The president’s anti-media defenders may support the administration’s approach, but it’s hard to justify the rollback in accountability. It’s not just the White House, either: the State Department and the Pentagon have all but stopped holding on-camera briefings, too.

Ask yourself: do you want to know more or less about what Trump, his aides and his allies are doing? If you’re a Trump supporter and you’re OK with his secrecy, how would you feel if this were a Democratic administration?

“This isn’t about us” as journalists, “it’s about public’s right to get answers from the government,” Julie Pace, the Washington bureau chief for the AP, tweeted Monday night.

This isn’t exclusive to the executive branch. There are heightened concerns about legislative branch secrecy as well.
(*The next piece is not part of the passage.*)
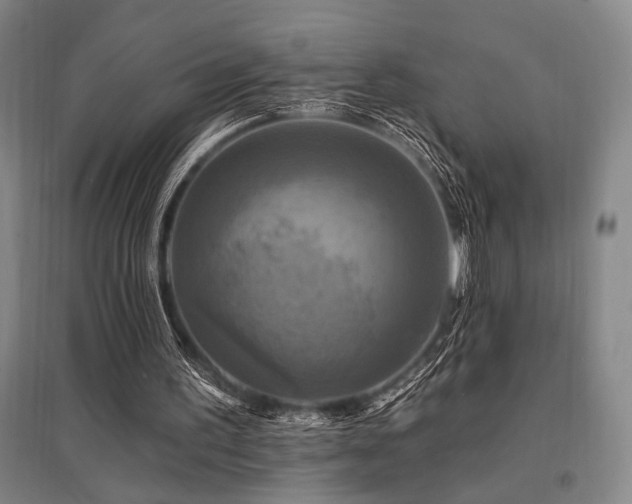 X0000095550195200712141602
Republican leaders are crafting the Senate version of a bill to replace Obamacare behind closed doors, essentially preventing the press from informing the public about what’s in a law that would affect tens of millions of people and a major segment of the economy until the last minute before a vote.

“I have covered every major health bill in Congress since 1986. Have NEVER seen anything like this,” Julie Rovner, the chief Washington correspondent for Kaiser Health News, said last week.

Back at the White House, briefings are getting shorter and taking place less often. Now there are reports that press secretary Sean Spicer will eventually leave the podium, but there’s no word on who will replace him.

If you feel like you haven’t seen Spicer in a while, that’s because most of this month’s briefings have taken place off-camera. While past administrations have sometimes held similar off-camera sessions, Trump’s press shop has been doing it more often.

Earlier this month the White House took another step backward and forbid TV and radio networks from broadcasting the audio from off-camera briefings.

The upshot? Spicer’s dodges, gaffes, and non-answers are not heard by the public.

On Tuesday, Spicer will be holding an on-camera briefing — his first in eight days.

“It just feels like we’re slowly but surely being dragged into what is a new normal in this country, where the president of the U.S. is allowed to insulate himself from answering hard questions,” Acosta said Monday.

Many of the press shop’s answers aren’t really answers at all. Transcripts of recent briefings show dozens of “I don’t know’s” and “I’ll get back to you’s.”

Again, this isn’t unique to the Trump administration, but it’s much more pronounced nowadays.

On Monday Spicer said he still didn’t have answers to some of the questions that journalists have been asking for weeks, like “does the president believe in manmade climate change?” and “is he secretly recording conversations in the Oval Office?”

Spicer pushed off the tapes question, saying the president would “probably” answer it “by the end of this week.”

While the president frequently opines via Twitter, he rarely fields questions from journalists.

His last national interview was more than five weeks ago, shortly after he fired FBI director James Comey. He usually declines to answer when reporters shout questions during photo ops.

By almost every measure, the Trump White House has reduced transparency about the workings of government. Trump reversed the Obama administration’s policy of releasing White House visitor logs, for example.

The rollback is even visible on the main White House web site, which contains a lot less information than it did during the Obama years.

Obama’s press shop had its own shortcomings, as did the Bush White House before it. But instead of one-upping their predecessors by offering more transparency, opening the door more widely, the Trump White House has been closing the door.